** Opening DATA EXTRACTS block **

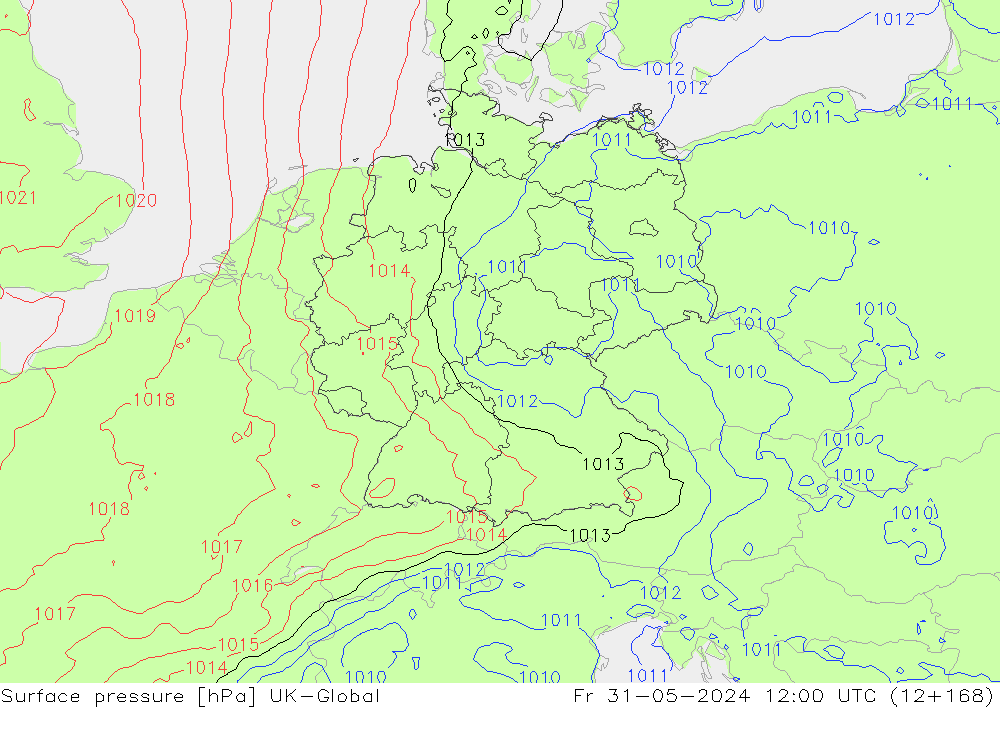 Surface pressure UK-Global Fr 31.05.2024 12 UTC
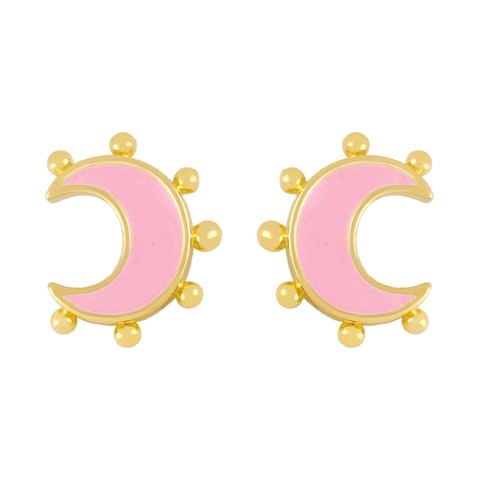 Moon Crescent Stud Earrings 18K Gold Plated Copper Colorful Enamel Bead Edge Bohemian Vintage Ethnic Style Women Jewelry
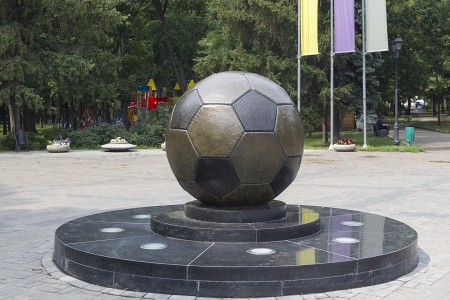 KHARKIV, UKRAINE AUG 7   Soccer ball sculpture outside the Donbass Arena, Shakhtar Donetskのeditorial素材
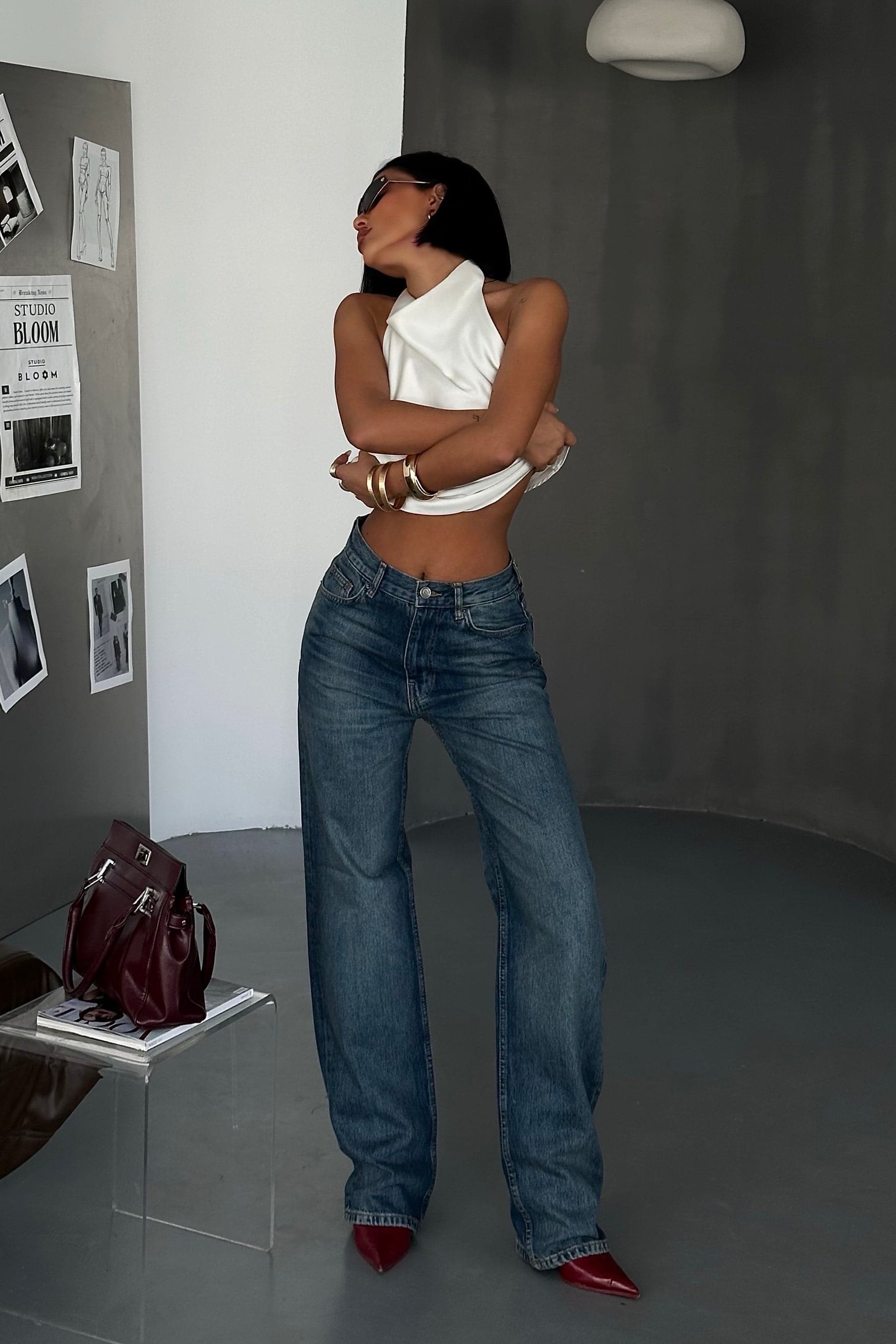 Relaxed Mid Rise Blue Denim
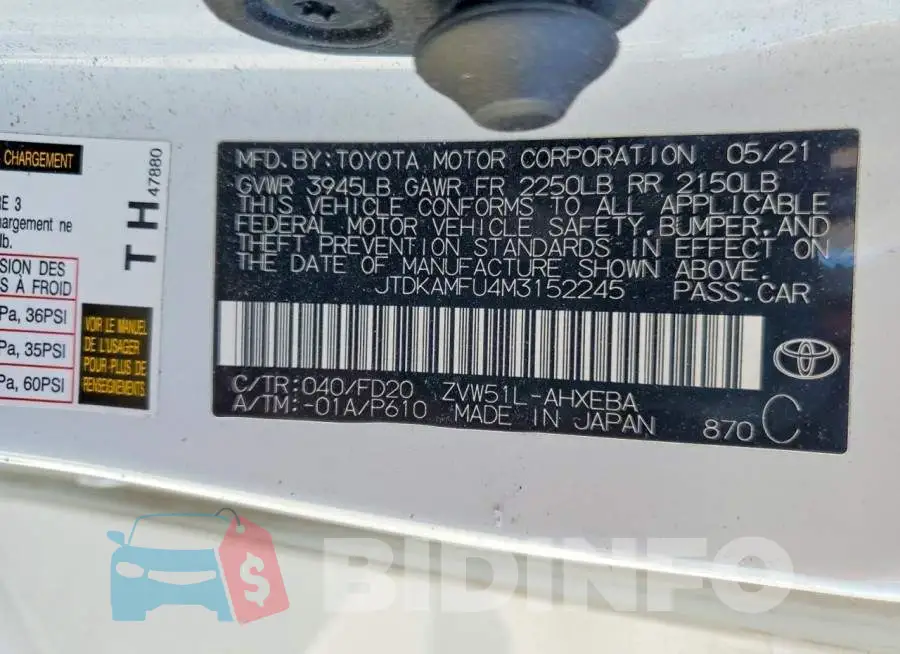 JTDKAMFU4M3152245 Photo# 12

** Closing DATA EXTRACTS block **

PROBLEM DETAILS: Reprint the entries above exactly, images removed.

OUTPUT:
 Surface pressure UK-Global Fr 31.05.2024 12 UTC
 Moon Crescent Stud Earrings 18K Gold Plated Copper Colorful Enamel Bead Edge Bohemian Vintage Ethnic Style Women Jewelry
 KHARKIV, UKRAINE AUG 7   Soccer ball sculpture outside the Donbass Arena, Shakhtar Donetskのeditorial素材
 Relaxed Mid Rise Blue Denim
 JTDKAMFU4M3152245 Photo# 12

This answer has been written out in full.